We learned this week that the Senate Democrats have dropped an effort to include a ban on assault weapons from their broader gun control plan expected to be introduced to Congress next month. They conceded that a ban on assault weapons and high-capacity magazines did not have the votes to pass. However, VP Joe Biden is refusing to give up on the assault weapon ban; questioning the courage of members of Congress. He stated, “…That weapon of war has no place on American streets, and taking it off American streets has no impact on one’s constitutional right to own a weapon.”
Seriously, what does it take to get these weapons off the streets? In December, Adam Lanza committed mass murder at Sandy Hook Elementary School using a Bushmaster AR-15 “assault-type weapon”, a semiautomatic rifle that could rapidly fire multiple rounds. Lanza was also equipped with magazine clips that held 30 bullets each. If the innocent killing of 26 people isn’t the impetus for banning assault weapons in this country, what is? It is heartbreaking that some Washington legislators are more interested in the support of special interest groups than in doing what is right and passing a common sense gun violence bill. I would like to see these politicians forced to own their conscience in a roll-call vote; let us publicly see which side of the issue they stand.
Could our forefathers ever have envisioned Americans using assault weapons when designing the Second Amendment of the Constitution? How is that people can argue that banning assault weapons violates the 2nd amendment … this country had an assault weapon ban for 10 years and I do not recall it was ever legally challenged as unconstitutional. The assault weapon ban simply expired. If the argument is that assault weapons should not be banned because the Constitution does not specifically say that, why not take that argument further; the Constitution also doesn’t specify that the mentally ill or felons cannot own guns.
Unlike the United States, Australia was successful in passing legislation to ban assault weapons in 1996, in response to the massacre of 35 people. Australia’s law banned semiautomatic and automatic rifles and shotguns.
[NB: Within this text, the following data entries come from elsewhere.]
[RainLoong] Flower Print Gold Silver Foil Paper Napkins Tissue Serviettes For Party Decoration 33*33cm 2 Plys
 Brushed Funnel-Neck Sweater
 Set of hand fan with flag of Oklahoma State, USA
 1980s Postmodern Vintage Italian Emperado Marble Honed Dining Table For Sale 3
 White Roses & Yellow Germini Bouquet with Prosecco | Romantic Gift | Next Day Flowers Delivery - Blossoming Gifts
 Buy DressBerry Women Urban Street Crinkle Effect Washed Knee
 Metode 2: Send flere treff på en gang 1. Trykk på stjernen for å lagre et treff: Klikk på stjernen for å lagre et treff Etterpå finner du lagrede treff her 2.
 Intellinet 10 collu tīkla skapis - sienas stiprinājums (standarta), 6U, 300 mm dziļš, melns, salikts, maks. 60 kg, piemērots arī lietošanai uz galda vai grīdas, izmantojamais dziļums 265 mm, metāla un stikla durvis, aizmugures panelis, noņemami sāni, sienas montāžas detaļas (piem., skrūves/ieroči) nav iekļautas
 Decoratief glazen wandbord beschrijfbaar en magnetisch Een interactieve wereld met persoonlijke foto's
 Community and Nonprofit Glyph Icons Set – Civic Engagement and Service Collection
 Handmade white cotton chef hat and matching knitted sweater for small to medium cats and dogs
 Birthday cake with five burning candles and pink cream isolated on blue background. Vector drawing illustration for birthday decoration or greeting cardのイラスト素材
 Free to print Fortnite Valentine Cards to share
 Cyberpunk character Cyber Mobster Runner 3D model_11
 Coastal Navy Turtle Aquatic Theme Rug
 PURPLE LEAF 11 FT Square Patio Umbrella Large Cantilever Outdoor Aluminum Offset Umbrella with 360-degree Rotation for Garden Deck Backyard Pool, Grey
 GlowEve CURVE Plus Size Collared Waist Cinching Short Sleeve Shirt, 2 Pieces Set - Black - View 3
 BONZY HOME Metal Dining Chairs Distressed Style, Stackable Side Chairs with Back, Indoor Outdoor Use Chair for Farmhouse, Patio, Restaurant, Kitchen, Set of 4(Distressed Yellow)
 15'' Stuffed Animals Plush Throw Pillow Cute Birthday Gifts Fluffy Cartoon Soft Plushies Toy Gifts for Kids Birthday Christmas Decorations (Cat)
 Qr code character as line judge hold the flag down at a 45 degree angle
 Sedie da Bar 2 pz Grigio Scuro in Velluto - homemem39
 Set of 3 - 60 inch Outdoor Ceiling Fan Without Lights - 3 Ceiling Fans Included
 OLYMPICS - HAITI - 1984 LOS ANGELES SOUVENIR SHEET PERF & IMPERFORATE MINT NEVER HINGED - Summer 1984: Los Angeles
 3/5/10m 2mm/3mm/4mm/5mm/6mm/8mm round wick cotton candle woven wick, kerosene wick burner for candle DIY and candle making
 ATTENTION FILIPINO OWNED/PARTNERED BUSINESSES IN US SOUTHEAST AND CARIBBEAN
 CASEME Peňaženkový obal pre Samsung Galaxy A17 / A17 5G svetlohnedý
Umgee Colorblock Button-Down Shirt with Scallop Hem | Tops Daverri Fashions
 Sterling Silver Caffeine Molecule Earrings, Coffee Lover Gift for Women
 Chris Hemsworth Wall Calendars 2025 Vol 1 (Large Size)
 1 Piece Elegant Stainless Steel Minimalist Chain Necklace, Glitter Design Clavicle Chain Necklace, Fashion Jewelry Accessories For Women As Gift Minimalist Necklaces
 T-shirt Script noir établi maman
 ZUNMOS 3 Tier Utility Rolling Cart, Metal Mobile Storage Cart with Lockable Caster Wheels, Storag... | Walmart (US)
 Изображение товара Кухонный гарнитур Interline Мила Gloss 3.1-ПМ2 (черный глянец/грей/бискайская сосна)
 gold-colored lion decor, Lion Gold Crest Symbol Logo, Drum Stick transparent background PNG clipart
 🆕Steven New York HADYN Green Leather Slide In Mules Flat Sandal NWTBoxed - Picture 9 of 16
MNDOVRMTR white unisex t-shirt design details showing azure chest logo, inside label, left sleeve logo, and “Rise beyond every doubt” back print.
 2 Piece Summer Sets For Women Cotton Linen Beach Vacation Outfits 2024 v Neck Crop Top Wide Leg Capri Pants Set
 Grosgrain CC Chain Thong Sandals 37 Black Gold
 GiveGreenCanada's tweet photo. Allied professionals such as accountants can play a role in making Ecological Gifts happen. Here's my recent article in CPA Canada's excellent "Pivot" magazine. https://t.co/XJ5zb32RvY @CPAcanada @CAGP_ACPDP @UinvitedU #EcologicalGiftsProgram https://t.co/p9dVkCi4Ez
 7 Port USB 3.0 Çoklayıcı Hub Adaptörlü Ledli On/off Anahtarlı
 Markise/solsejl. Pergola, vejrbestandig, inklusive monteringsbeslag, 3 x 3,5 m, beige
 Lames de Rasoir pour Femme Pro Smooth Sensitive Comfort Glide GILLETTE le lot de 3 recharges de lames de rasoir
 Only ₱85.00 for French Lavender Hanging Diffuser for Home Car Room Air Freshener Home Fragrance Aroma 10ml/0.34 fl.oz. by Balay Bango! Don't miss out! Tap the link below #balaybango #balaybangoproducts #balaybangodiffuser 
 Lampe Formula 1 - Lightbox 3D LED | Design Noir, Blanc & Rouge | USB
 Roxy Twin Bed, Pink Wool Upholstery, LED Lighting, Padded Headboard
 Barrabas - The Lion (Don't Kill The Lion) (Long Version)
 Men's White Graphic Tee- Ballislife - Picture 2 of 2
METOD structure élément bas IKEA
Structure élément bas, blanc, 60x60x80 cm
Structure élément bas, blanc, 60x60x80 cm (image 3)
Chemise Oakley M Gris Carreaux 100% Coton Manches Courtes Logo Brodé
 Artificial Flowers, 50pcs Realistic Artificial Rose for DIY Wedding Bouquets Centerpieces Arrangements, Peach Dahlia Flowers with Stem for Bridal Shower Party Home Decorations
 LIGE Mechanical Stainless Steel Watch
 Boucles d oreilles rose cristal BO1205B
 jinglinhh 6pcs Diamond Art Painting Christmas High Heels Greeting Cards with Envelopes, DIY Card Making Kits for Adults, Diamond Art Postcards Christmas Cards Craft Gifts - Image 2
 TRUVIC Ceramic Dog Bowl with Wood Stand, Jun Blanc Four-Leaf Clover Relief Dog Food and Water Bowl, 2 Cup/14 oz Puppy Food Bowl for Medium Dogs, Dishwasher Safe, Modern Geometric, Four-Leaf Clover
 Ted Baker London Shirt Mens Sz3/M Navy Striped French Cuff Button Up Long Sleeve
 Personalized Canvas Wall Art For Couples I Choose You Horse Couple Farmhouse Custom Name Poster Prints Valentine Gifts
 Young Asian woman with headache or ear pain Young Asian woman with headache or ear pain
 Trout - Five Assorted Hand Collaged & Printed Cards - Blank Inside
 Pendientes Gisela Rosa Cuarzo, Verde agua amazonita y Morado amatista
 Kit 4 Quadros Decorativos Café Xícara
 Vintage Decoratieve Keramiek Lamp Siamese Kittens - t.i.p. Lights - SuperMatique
It also instituted a mandatory buy-back program for newly banned weapons.
For those who would like to argue that banning assault weapons in the United States would not make a difference, I suggest that Australia’s statistics say otherwise. According to an Australian National University study, the firearm homicide rate fell by 59% and the firearm suicide rate fell by 65% in the decade after the 1996 law was introduced. These statistics indicate that Australia’s experience with an assault weapon ban provides strong evidence for the effectiveness of such legislation. In addition, it should be noted that Australia’s sweeping gun control measures occurred twelve days after the April 28, 1996 massacre, the worse mass murder in Australia’s history. In the aftermath of Sandy Hook, with our nation shocked and looking for answers, why can’t we learn from Australia’s example? Why reinvent the wheel, when Australia has successfully prevented gun massacres for over 15 years by banning assault type weapons and magazine clips over 10 rounds?
To be clear, I get it that stronger gun legislation, through banning of assault weapons and reducing clip sizes is not necessarily a favorable position, particularly among some in Pennsylvania. Taking the discussion to the state level, I was troubled to read a press release from the office of PA State Rep Daryl Metcalfe (R-Butler). He and fellow State Representative, Seth Grove (R-York) announced that they are actively pursuing out-of-state gun manufacturers and encouraging their relocation to Pennsylvania, claiming that our state has the “single largest per capita representation of National Rifle Association (NRA) members”.
According to Metcalfe, who is the prime sponsor of the Right to Bear Arms Protection Act (House Bill 357), “Pennsylvania is a natural fit for any of our nation’s major producers of guns, ammunition, or accessories that are currently looking for a new home due to the imposition of senseless, gun-grabbing legislation by their state or local governments.”
Passionate supporters of the Second Amendment and motivated by economic development, Metcalfe and Grove are rolling out the welcome mat to woo gun manufacturers including Beretta and Remington, to the Commonwealth. With Metcalfe and Grove posing as the front men for the NRA, there should be no doubt, where these two stand on banning assault weapons.
Buoyed by his proposed legislation, House Bill 357, Right to Bear Arms Protection Act, Metcalfe is determined to override any gun restrictions that Washington may come up with – HB 357 would actually prohibit the enforcement of any new federal registration, restriction or prohibition requirement for privately owned guns and ammunition. If passed, the bill further would require the state of Pennsylvania, including the Attorney General, to intercede on behalf of the citizens against any federal attempt to restrict, register or ban gun purchases, which are currently legal products.
I don’t claim to be any constitutional scholar but how is it possible that a state law, like HB 357 (should it pass) could legally stand up against a federal law? Wouldn’t any federal law, like banning the sale of assault weapons, take precedent over Metcalfe’s proposed House Bill 357? Nevertheless, Metcalfe and Grove are using their pro-gun message to reach out to gun manufacturers in less gun-friendly states, in hopes of encouraging them to relocate to Pennsylvania.
Is this the new approach to economic development in Pennsylvania?